SUKABUMIUPDATE.com - Sebuah planet di luar tata surya (eksoplanet) terungkap memiliki cuaca paling ekstrem dari yang dikenal selama ini, yakni hujan besi. Dilansir dari tempo.co, eksoplanet itu adalah WASP-76b, sebuah planet gas raksasa mirip Jupiter dengan garis edar yang jauh lebih pendek, mengorbit salah satu bintang di konstelasi rasi bintang Pisces, sekitar 640 tahun cahaya jaraknya dari Matahari.
"Ini mungkin satu dari iklim planet paling ekstrem yang pernah kita lihat," kata David Ehrenreich, profesor astronomi di University of Geneva, Swiss, yang menjadi ketua tim peneliti.
Planet WASP-76b ditemukan pada 2013. Terdiri dari gas, planet ini sekuran Jupiter hanya dengan ukuran pinggang yang dua kali lebih lebar.

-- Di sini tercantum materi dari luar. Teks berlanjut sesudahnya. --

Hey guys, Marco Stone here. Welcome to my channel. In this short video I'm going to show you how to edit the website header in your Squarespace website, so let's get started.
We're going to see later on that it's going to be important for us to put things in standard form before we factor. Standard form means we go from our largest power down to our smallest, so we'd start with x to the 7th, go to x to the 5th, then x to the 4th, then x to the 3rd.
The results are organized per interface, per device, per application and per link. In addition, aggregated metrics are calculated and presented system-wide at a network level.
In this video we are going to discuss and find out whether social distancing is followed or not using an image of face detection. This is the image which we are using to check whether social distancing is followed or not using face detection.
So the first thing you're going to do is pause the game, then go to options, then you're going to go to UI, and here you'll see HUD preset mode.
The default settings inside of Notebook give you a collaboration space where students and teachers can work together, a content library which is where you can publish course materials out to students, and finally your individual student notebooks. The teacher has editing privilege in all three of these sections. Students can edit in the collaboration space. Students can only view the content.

Dalam studi yang terbaru, Ehrenreich dan timnya mempelajari WASP-76b menggunakan Spektograf Echelle untuk Rocky Exoplanets and Stable Spectroscopic Observations (ESPRESSO), sebuah instrumen yang dipasang di teleskop raksasa di Observatorium Eropa Selatan di Cile.

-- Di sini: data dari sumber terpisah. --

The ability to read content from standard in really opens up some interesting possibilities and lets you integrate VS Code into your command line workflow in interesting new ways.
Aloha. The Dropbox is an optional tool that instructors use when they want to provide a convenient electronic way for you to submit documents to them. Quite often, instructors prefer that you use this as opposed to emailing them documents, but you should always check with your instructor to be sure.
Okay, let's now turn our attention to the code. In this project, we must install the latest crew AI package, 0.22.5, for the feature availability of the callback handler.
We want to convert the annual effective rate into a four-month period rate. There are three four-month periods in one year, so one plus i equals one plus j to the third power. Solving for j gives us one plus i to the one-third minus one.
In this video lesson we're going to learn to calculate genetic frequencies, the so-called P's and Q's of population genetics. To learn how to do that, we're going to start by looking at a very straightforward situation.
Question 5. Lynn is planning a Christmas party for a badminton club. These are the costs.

WASP-76b mengorbit cepat bintang induknya setiap 1,8 hari di Bumi. Orbit yang sangat rapat dengan bintangnya itu menyebabkan planet gas itu seperti terkunci dan selalu menghadap pada sisi yang sama. Akibatnya, suhu pada sisi yang menghadap bintangnya itu (mengalami siang) bisa mencapai 2.400 derajat Celsius atau cukup panas untuk membuat logam menguap. Sementara sisi planet yang gelap (mengalami malam) jauh 'lebih dingin' yakni 1.500 Celsius.
Itu berarti pula kalau sisi planet yang menghadap ke Bumi terlalu gelap untuk bisa terlihat teleskop. Beruntung ada sebagian kecil cahaya bintang yang menembus atmosfer planet itu untuk mengungkap batas-batas rupa planet itu. Tim Ehrenreich menganalisis cahaya itu dan ESPRESSO menangkap sinyal uap besi yang juga ditemukan di atmosfer ultra-panas Jupiter.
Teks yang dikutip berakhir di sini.